▶ _Exercise brief_: Since only part of the material below is wanted, output exactly the lines from the one with "Beaded Bib Necklace" up to and including the one with "Marseille Chair with".

▶ _Information supplied_:
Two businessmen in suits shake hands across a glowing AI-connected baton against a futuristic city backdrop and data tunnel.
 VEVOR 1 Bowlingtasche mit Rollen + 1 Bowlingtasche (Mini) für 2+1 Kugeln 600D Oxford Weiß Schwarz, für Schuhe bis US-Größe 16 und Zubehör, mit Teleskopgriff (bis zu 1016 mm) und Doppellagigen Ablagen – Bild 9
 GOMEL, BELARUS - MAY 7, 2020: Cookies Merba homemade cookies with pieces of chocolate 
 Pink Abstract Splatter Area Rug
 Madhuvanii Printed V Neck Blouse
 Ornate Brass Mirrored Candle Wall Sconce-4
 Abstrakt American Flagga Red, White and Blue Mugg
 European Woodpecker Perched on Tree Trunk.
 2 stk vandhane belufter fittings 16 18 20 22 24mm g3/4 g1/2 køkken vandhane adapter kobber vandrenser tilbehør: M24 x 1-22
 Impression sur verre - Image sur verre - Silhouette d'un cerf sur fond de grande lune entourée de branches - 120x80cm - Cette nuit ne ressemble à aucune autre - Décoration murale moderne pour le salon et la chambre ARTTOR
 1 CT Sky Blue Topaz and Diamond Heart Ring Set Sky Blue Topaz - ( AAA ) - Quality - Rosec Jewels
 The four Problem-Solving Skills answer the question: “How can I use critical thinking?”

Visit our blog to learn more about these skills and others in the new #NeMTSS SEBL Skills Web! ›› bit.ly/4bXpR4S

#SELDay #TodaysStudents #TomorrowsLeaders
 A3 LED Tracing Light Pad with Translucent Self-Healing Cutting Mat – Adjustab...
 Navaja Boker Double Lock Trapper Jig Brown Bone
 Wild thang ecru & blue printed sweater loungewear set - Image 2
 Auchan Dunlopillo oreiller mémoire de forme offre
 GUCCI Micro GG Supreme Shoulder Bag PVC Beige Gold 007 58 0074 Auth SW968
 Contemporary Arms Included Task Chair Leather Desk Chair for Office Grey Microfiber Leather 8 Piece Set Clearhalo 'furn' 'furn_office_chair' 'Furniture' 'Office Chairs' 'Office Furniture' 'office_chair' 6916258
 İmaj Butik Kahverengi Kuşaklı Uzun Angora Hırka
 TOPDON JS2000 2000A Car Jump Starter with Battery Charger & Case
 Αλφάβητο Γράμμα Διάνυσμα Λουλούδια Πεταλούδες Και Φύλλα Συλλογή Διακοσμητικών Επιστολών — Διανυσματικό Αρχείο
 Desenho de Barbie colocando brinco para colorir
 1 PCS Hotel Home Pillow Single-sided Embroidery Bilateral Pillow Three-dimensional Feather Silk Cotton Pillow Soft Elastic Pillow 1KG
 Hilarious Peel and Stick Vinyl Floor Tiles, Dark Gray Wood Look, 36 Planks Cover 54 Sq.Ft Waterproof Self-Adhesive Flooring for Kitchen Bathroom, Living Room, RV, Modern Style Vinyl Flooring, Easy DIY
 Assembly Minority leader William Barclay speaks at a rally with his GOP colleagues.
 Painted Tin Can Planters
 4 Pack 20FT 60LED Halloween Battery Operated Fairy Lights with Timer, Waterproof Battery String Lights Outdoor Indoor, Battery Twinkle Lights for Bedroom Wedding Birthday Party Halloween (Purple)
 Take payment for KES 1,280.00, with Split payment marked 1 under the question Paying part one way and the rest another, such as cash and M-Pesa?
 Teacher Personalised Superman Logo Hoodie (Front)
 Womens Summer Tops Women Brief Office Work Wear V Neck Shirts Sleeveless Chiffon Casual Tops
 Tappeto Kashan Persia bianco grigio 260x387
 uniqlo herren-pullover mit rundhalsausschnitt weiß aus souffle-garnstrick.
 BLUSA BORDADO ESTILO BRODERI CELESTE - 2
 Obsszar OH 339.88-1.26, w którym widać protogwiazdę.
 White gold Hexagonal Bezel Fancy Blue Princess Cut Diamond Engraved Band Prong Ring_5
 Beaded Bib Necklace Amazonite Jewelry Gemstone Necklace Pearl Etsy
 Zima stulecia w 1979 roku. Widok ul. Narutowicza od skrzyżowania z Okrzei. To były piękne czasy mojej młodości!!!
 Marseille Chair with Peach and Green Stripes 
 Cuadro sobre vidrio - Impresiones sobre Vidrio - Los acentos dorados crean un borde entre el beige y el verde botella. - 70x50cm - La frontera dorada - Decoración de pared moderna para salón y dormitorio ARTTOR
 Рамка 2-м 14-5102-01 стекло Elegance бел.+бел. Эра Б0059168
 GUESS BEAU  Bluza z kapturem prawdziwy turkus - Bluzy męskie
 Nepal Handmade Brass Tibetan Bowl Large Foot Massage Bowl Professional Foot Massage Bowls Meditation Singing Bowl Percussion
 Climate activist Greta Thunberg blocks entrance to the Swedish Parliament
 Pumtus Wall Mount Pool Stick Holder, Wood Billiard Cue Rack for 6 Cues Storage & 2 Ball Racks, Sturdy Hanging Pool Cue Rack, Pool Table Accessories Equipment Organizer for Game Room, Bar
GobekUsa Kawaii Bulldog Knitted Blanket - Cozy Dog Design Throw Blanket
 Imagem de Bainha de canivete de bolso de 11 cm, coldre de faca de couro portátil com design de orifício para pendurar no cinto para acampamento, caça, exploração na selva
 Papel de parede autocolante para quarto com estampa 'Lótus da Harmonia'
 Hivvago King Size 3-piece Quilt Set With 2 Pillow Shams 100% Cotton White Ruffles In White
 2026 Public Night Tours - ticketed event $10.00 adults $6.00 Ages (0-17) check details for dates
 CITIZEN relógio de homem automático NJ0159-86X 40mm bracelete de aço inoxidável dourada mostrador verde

▶ _Output for this exercise_:
 Beaded Bib Necklace Amazonite Jewelry Gemstone Necklace Pearl Etsy
 Zima stulecia w 1979 roku. Widok ul. Narutowicza od skrzyżowania z Okrzei. To były piękne czasy mojej młodości!!!
 Marseille Chair with Peach and Green Stripes 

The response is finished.